How To Scare The Sh*t Out Of Your Husband Without Really Trying

Every year, when the dust settles after the holiday season, I go through a routine to organize my house and rid myself of "stuff."

Last night, I decided to start my quest by going through Hubby's clothes with him and getting rid of anything that is worn, doesn't fit, or he just doesn't like.

After making our way through two closets, we ended our clothing purge by sorting through some coats and jackets. When were done, he went off to take a shower.

Now, in the midst of looking through the coat closet, I found a short, brown coat that belongs to me. I haven't worn it in awhile because I'm not a fan of its faux fur collar:

As I was mulling over my decision to pack it up with the rest of Hubby's clothing that we were donating to charity, I realized that the creepy, faux fur collar was removable. So, I took it off.

I tried on the coat sans the collar, looked in the mirror and thought, That's much better! It's a keeper!
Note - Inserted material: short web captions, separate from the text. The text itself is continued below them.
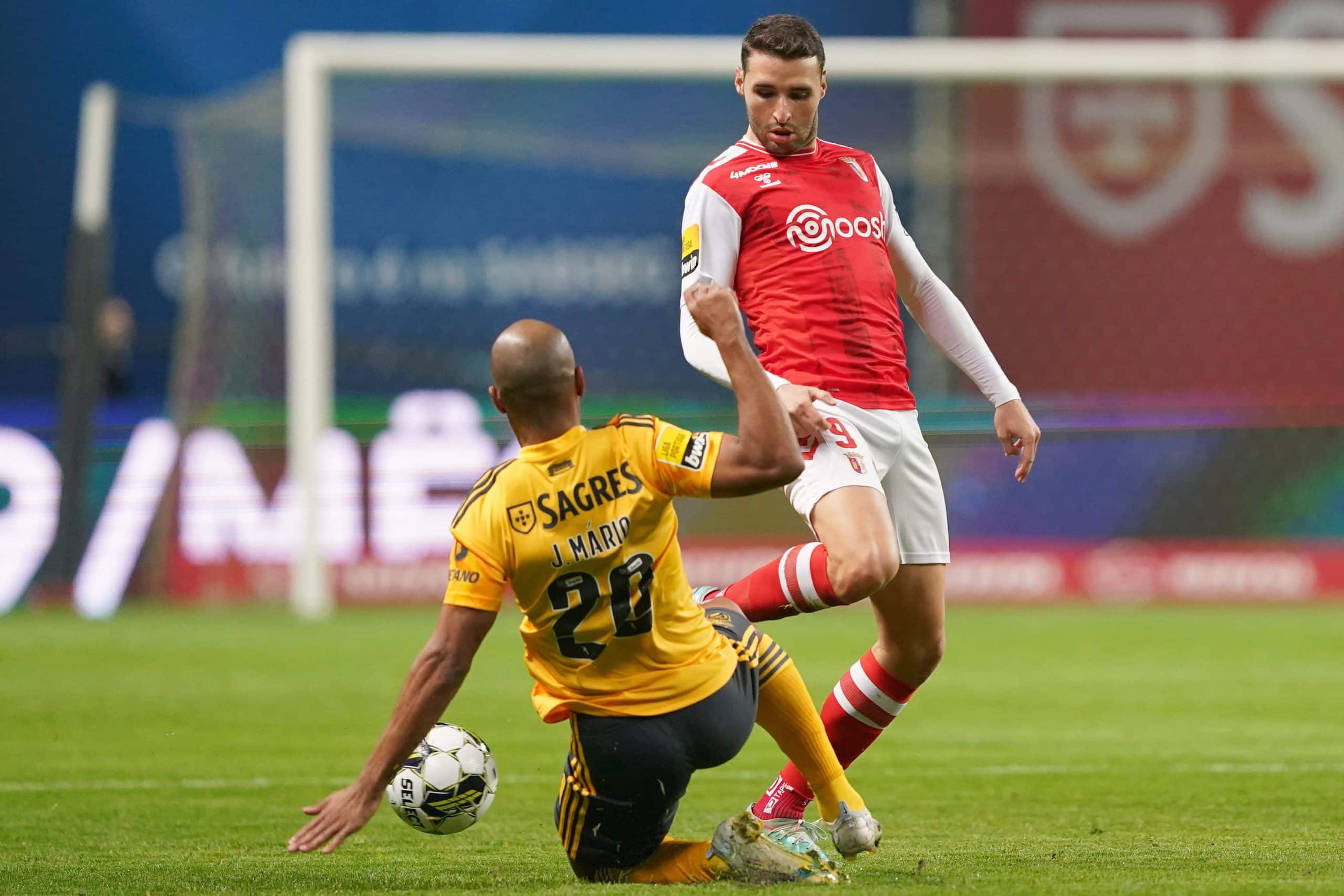 Braga x Benfica ao vivo 09/02/2023 – Onde Assistir?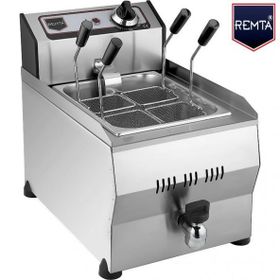 Remta R114 8 lt Elektrikli Makarna Haşlama Makinesi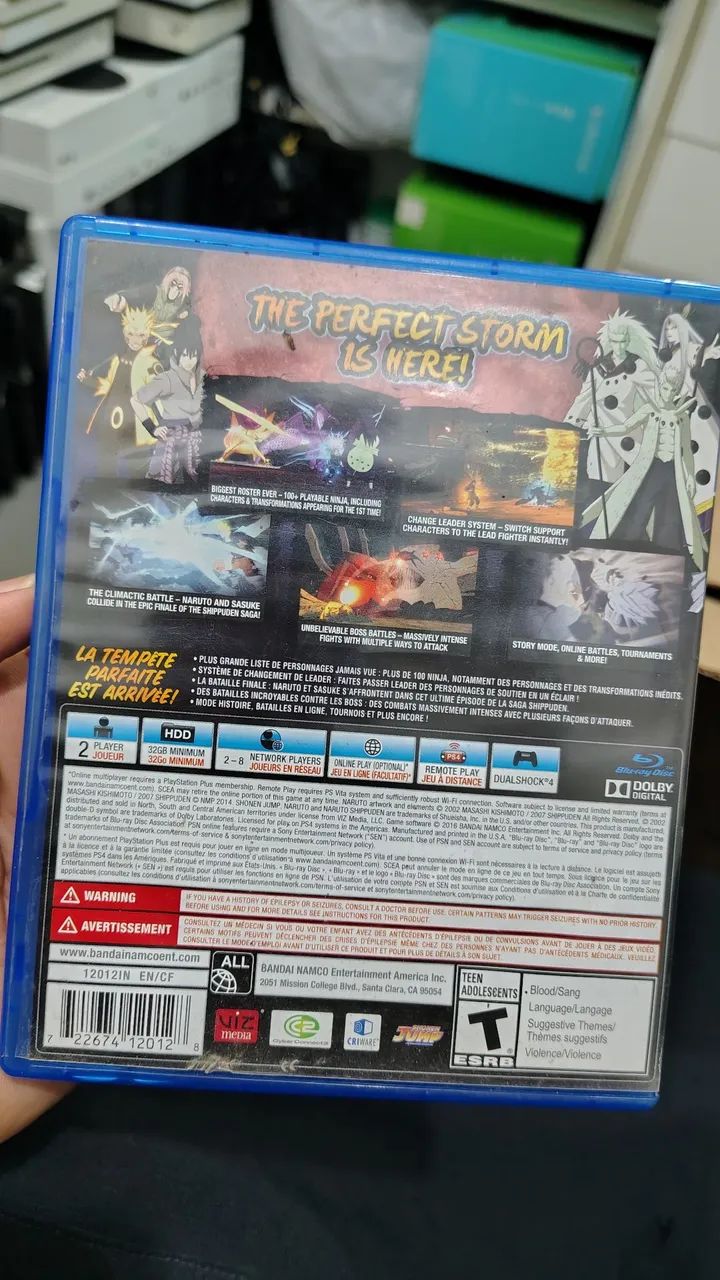Naruto storm 4 - Foto 2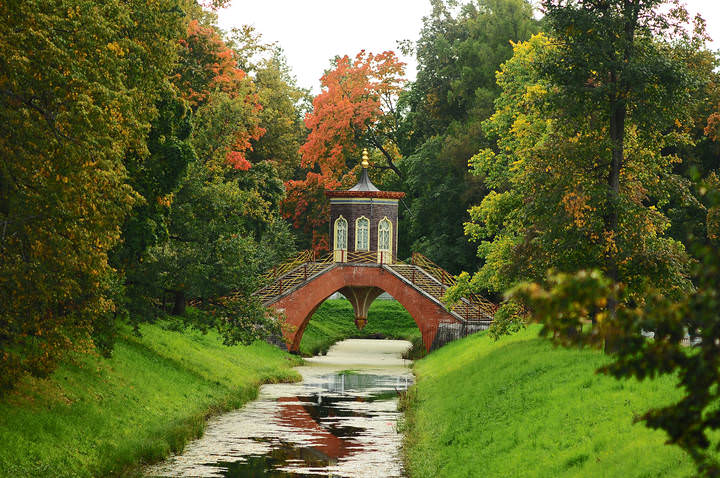 Царское село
Then, NOT THINKING, I threw the fur collar into the trash bin that is under my kitchen sink:

Fast forward to 10:00PM.

I was upstairs reading and Hubby was downstairs watching television.

He went into the kitchen to have some CHOCOLATE COVERED BISCOTTI and milk right before bed (NICE). Suddenly, I hear, "AHHHHHH!!!! WHAT THE F*CK???!!!" And I shot off the bed, ran down the stairs and asked, "Oh my God! What's the matter?"
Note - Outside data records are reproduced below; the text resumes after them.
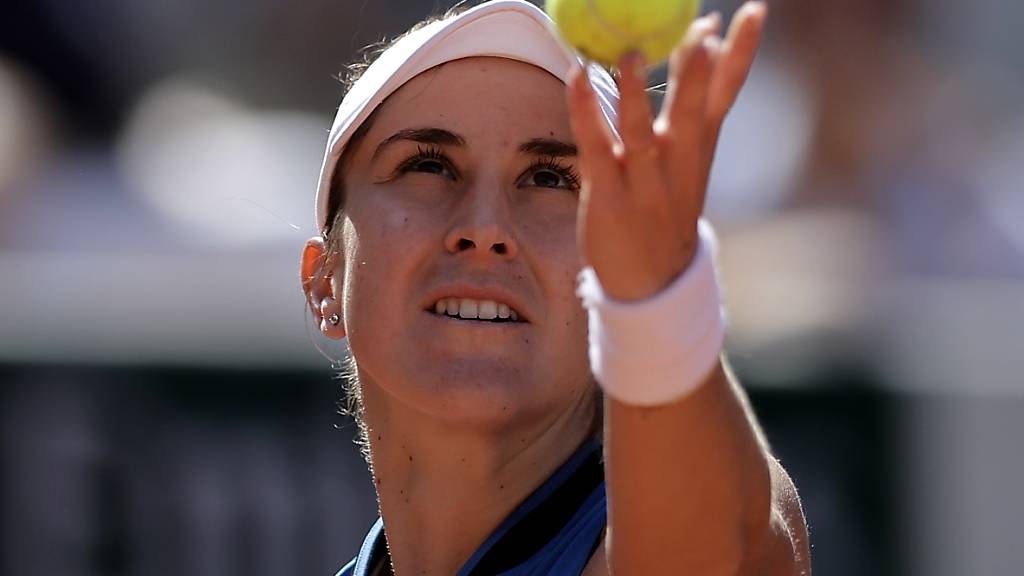Belinda Bencic gelingt der Start ins Turnier von Washington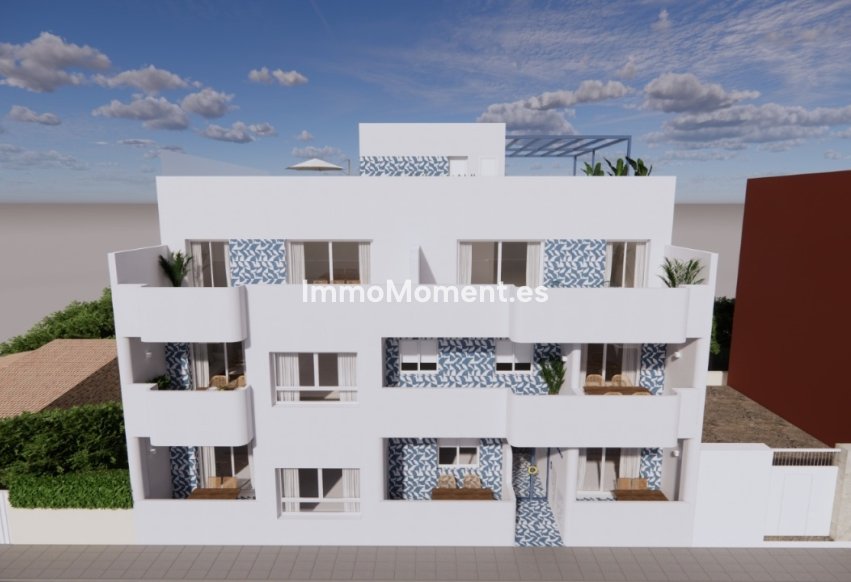 Construction neuve - Appartement - Torre de la Horadada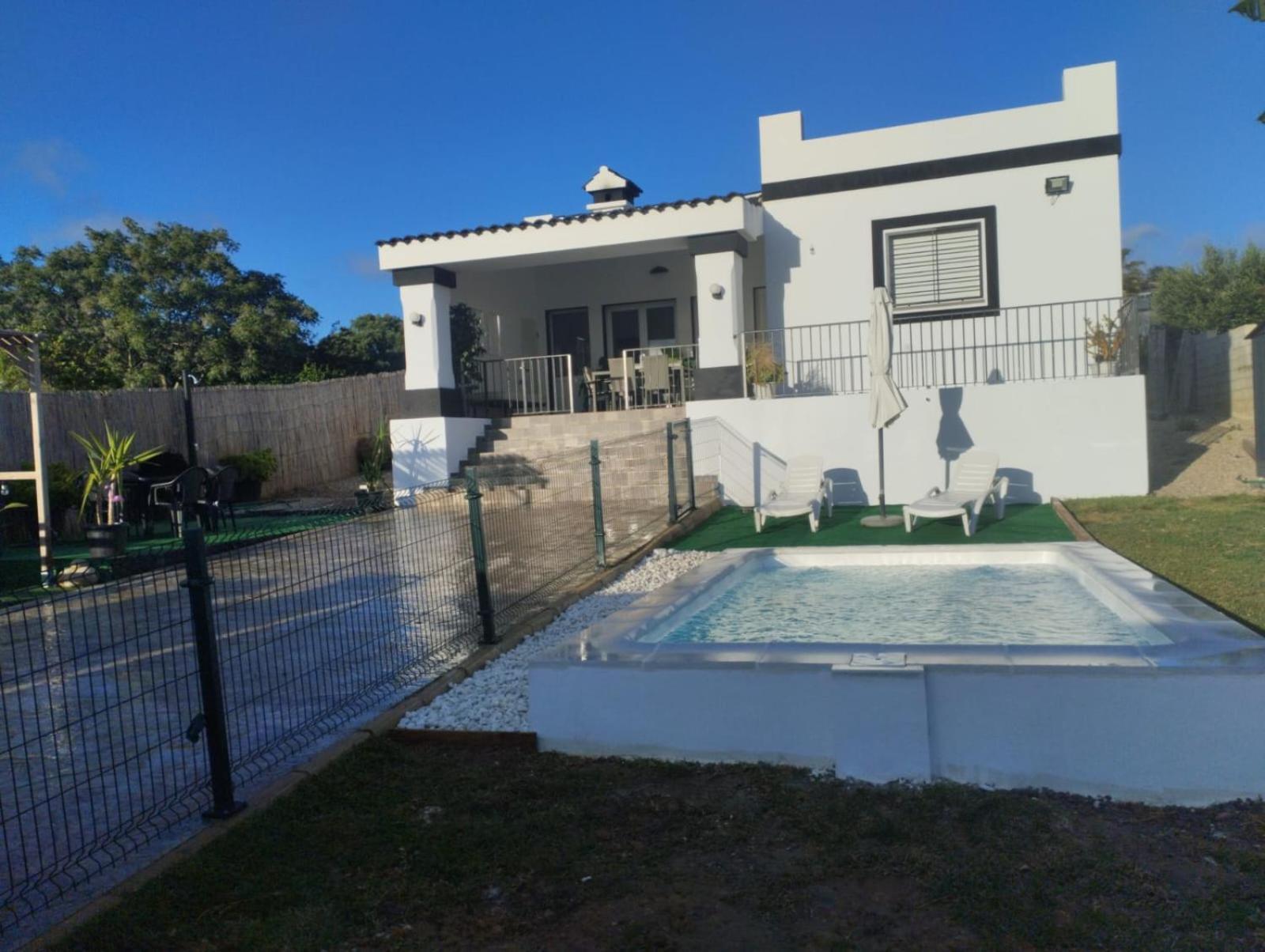 La Brisa Villa Cadiz Ngoại thất bức ảnh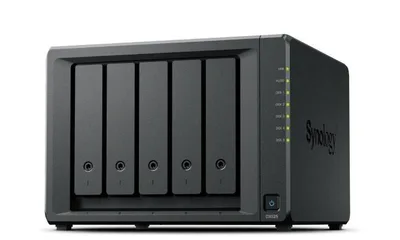 Disk Array Desktop Black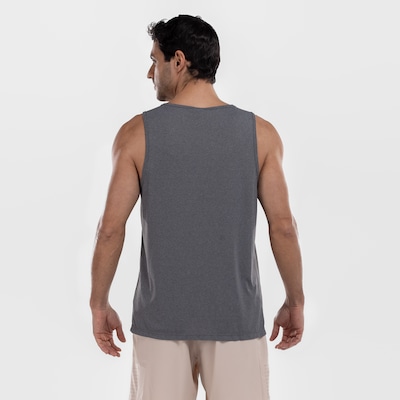 Camiseta Regata Masculina Oxer Crepe Estampada - Foto 2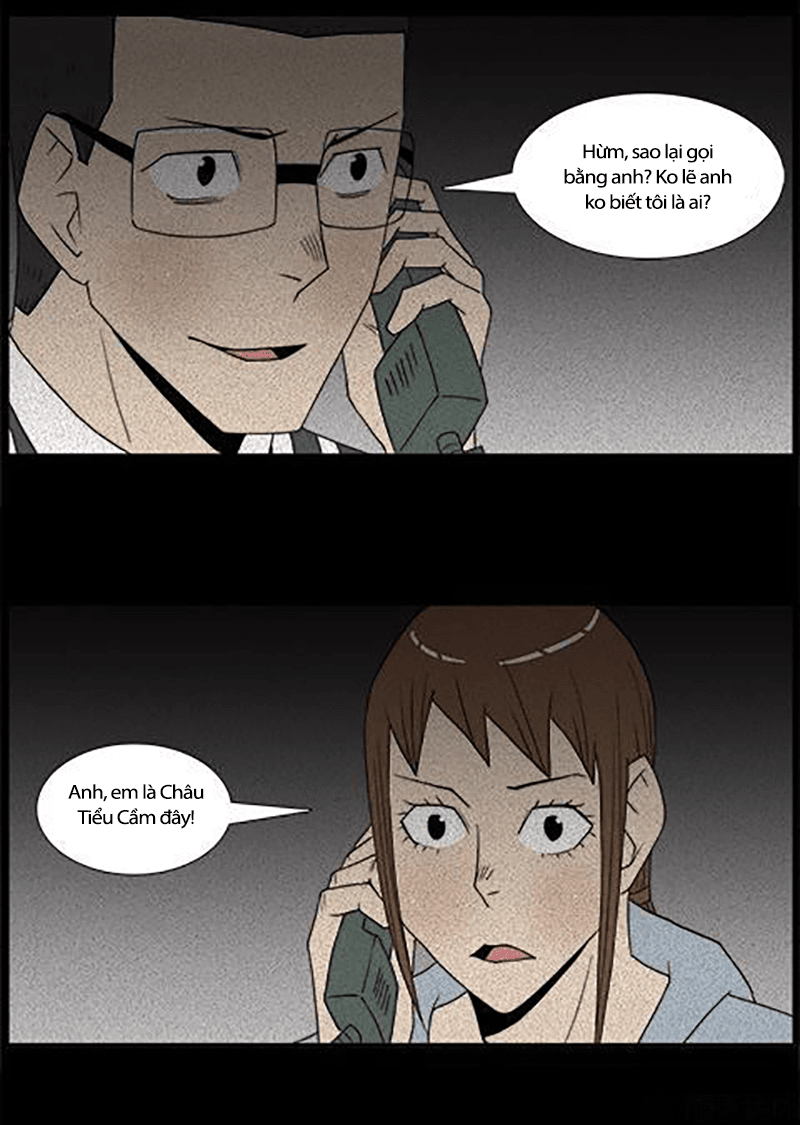 Chuyện Lạ Đêm Khuya: Chapter 59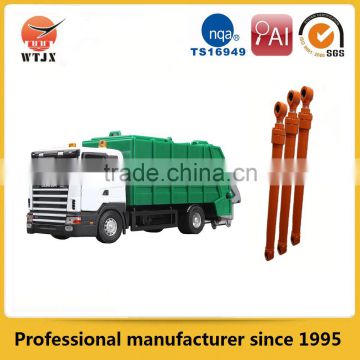 hydraulic ram for garbage truck 4 stage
Dudes! He was freaked out! Almost crapped himself! Seriously!

Apparently, when he threw the biscotti wrapper in the trash, he thought my furry coat collar was a creature that had climbed into our garbage bin to nest and hang out.

He was shaking!

And I?

Well, let's just say that I was crying...from laughing so gah-damn hard.

BAHAHAHAHA!

Oh, well.

That's what he gets for eating cookies right before bed.

The Gods of Weight Loss Karma bit him in the ass. Boo yah!
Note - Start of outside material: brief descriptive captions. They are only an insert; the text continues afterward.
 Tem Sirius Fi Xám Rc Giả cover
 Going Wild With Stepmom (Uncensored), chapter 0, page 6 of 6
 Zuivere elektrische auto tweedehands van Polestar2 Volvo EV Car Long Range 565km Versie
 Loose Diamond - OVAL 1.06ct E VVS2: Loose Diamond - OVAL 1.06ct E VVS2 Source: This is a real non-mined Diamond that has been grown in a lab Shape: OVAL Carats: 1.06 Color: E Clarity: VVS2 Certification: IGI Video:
Who says there's no justice in this world??

7 comments:

Debs said...

LOL!! I love it!! Perhaps you could start a box pass with the fur collar for your Mais Fica readers! That way we'll all have a chance to freak out our husbands.

MB said...

HAHAHAHA...that is hysterical. I probably would have freaked out if I saw that too. HAHAHAHAHA...thanks for the laugh.

Watching and Weighting said...

serves him bloody well right! biscotti? before bed? jackass :)

cmoursler said...

You guys ought to have your own show, I swear.
And yes, He does deserve it...
My husband likes to come upstairs occasionally with food before bed.
I just stare at him until he gets uncomfortable and leaves.
We are more like lucy and charlie brown. lol.

Kyle Gershman said...

Ran across your blog...you are my kinda blogger! Commence following...

Sadaf Trimarchi said...

Burst out loud laughing at this one. And he deserved it. My husband does that late night eating in front of me shit, and it drives me nuts.

You're also kind to do the purging of his closet with him there. I wait till mine is out of the house and then get rid of his things.

Anonymous said...

I laughed so hard at this that my 2 year old got disturbed and leaped up into my laugh and said "I'll make you happy Mommy, I'll make you happy!". He thought I was upset b/c he's never seen me laugh so hard that I sounded like I was hysterically crying (and there were tears running down my face). Why aren't you writing in a newspaper for money yet? Get to it!